It won’t come as a shock that schools are required to make sure their playgrounds comply with safety standards.
What might come a more of a surprise is that these standards do change, from time to time, and it’s important to keep your school playground updated and fully compliant. Australia has standards that cover equipment, indoor and outdoor playgrounds and all must be met.
Each state has outlined relevant guidelines and listed the Australian Standards that should be adhered to, so School News recommends heading to your state department of education website to locate those documents. Australian Standards can be purchased or viewed with a subscription via SAI Global Limited, which can be accessed online.

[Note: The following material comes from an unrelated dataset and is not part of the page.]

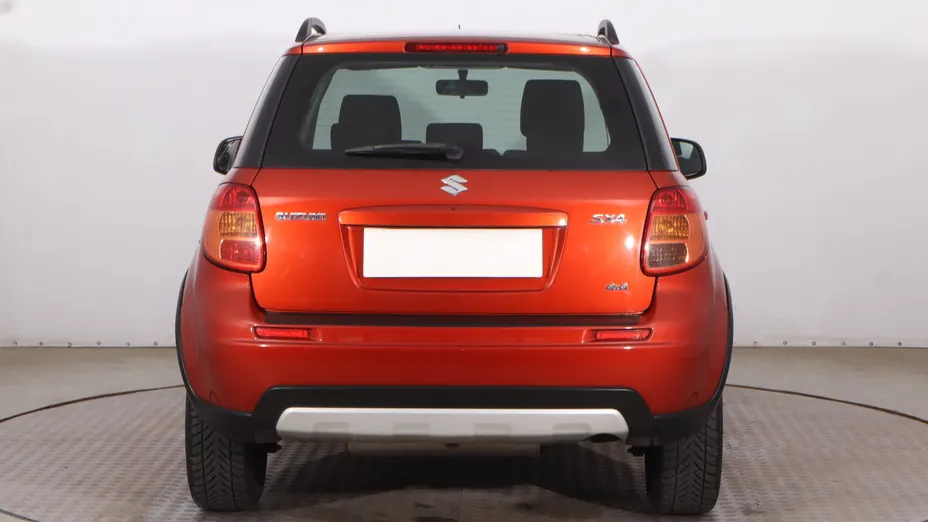 Suzuki SX4 -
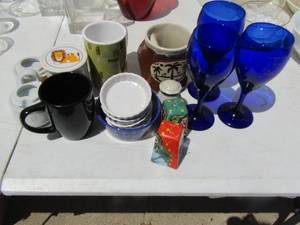 lot 71 image: 4 white coasters, Mexican S&P , Brown palm tree snug mug and other mugs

Regular maintenance is key to keeping on top of the situation for any school and each state has guidelines to help design a maintenance schedule that encourages playground compliance for as long as possible. Victoria suggests putting a Playground Safety Management System in place. This will help schools minimise risk to students by monitoring the condition of playground equipment and surfacing. “The school council is required to identify an appropriately skilled person to act as playground coordinator to ensure that all inspections, maintenance and improvements are carried out in accordance with the requirements of the school’s Playground Safety Management System.”
Kidsafe SA recommends that playgrounds be routinely inspected for hazards every one to three months, with a more in-depth inspection scheduled every year. “This should be carried out by an appropriately qualified inspector. There are a range of agencies that provide this service for a fee.”

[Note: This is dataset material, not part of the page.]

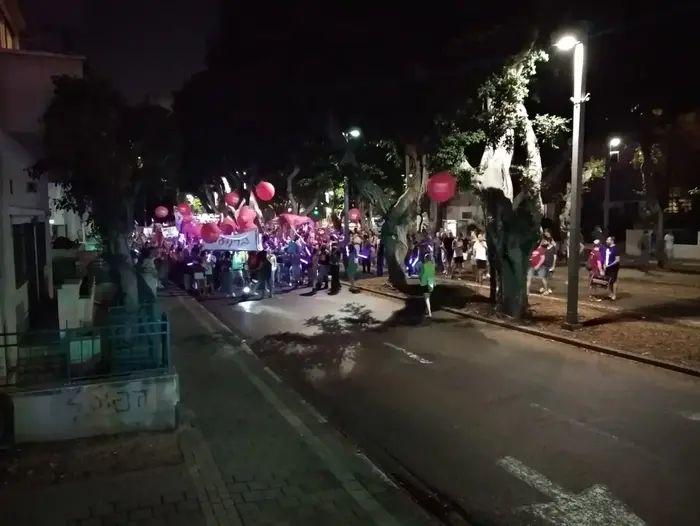 אלף בני נוער מארגוני הקהילה הגאה במחאה נגד אלימות בשדרות רוטשילד בתל אביב (מערכת וואלה! NEWS , איגי)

Building or upgrading a playground…
In many ways, this is the fun part: choosing and designing an fun-filled, engaging playground that is conducive to impactful learning and positive stress relief for students is an exciting prospect. Many schoolchildren would envy the task: designing a playground? Surely that’s the dream job.
Of course, designing a playground is more complex than a child might imagine. A property manager or specialist supplier/manufacturer will be eager to discuss available options with you, and aid in the process but the main focus must be adhering to Australian Standards.
Australian Standard AS/NZS 4486.1:1997-Playgrounds and Playground Equipment. Part 1: Development, Installation, Inspection, Maintenance and Operation is particularly vital as it pertains to the initial stages of design, manufacturing and installation. Schools should make sure that any third-party involvement can prove compliance.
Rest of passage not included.